- Battle of Langat River: Part of Acehnese–Portuguese conflicts
| Date | 1628 |
| Location | Langat River, Malay Peninsula (present day Selangor, Malaysia) |
| Result | Portuguese victory |

Belligerents
- Portuguese Empire: Aceh Sultanate

Commanders and leaders
- Dom Francisco Coutinho: King of Dely

Strength
- 15 half-galleys.: 100 ships 35 galleys;

Casualties and losses
- Few: 99 vessels 3,000 men 800 guns

= Battle of Langat River =

The Battle of Langat River was an armed encounter between a fleet of the Portuguese Empire and the Sultanate of Aceh, within the Langat River in the Malay peninsula in 1628. The Portuguese were victorious.

==The battle==
Sometime after late May or early June, Portuguese command at Malacca received reports that an Acehnese armada had been spotted within the Langat River. Anticipating that the Acehnese intended to attack the city, the captain of Malacca Gaspar de Melo de Sampaio tasked Dom Francisco Coutinho to seek out the fleet and destroy it, with 15 half-galleys.
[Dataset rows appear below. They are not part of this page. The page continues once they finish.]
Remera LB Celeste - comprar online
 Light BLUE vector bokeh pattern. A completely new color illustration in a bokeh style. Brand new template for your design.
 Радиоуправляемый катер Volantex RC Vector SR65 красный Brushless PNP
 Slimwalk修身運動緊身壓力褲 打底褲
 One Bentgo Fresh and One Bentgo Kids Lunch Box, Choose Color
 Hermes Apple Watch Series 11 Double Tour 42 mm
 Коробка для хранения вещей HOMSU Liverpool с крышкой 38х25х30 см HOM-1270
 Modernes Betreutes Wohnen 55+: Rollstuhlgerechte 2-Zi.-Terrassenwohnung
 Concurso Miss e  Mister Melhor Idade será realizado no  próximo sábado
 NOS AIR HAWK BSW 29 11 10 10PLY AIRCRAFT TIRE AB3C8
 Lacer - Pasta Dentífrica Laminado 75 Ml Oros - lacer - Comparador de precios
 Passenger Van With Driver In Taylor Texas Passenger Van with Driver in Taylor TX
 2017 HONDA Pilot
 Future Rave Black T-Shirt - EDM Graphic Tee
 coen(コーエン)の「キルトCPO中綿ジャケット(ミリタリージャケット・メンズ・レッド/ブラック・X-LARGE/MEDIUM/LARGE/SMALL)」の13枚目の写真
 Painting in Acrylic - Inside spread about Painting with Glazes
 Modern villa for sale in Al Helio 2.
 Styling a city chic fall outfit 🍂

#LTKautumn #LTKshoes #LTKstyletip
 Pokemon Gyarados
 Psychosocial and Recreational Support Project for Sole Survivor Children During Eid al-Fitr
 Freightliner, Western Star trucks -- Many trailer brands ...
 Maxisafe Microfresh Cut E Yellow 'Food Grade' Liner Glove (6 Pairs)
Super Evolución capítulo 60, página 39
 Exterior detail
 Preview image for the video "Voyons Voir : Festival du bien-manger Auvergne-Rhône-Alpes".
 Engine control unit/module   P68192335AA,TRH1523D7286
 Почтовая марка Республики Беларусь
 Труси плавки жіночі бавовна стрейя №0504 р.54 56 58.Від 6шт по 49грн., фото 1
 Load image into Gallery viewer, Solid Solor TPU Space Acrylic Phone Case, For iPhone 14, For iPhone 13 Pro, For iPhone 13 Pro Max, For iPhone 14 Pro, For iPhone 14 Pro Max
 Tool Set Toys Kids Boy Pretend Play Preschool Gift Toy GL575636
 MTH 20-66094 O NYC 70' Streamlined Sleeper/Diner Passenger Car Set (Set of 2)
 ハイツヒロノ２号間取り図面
The Portuguese found the Acehnese ships heavily fortified by the banks of Langat River. Nevertheless, Coutinho moved his oarships into the river and after firing a salvo of artillery and muskety grappled and boarded the Acehnese vessels closest of the mouth of the river. At the end of a stiff struggle, having suffered heavy losses, the Acehnese lost or abandoned almost all of their ships, 3000 men killed, captured or missing, and 800 guns captured by the Portuguese.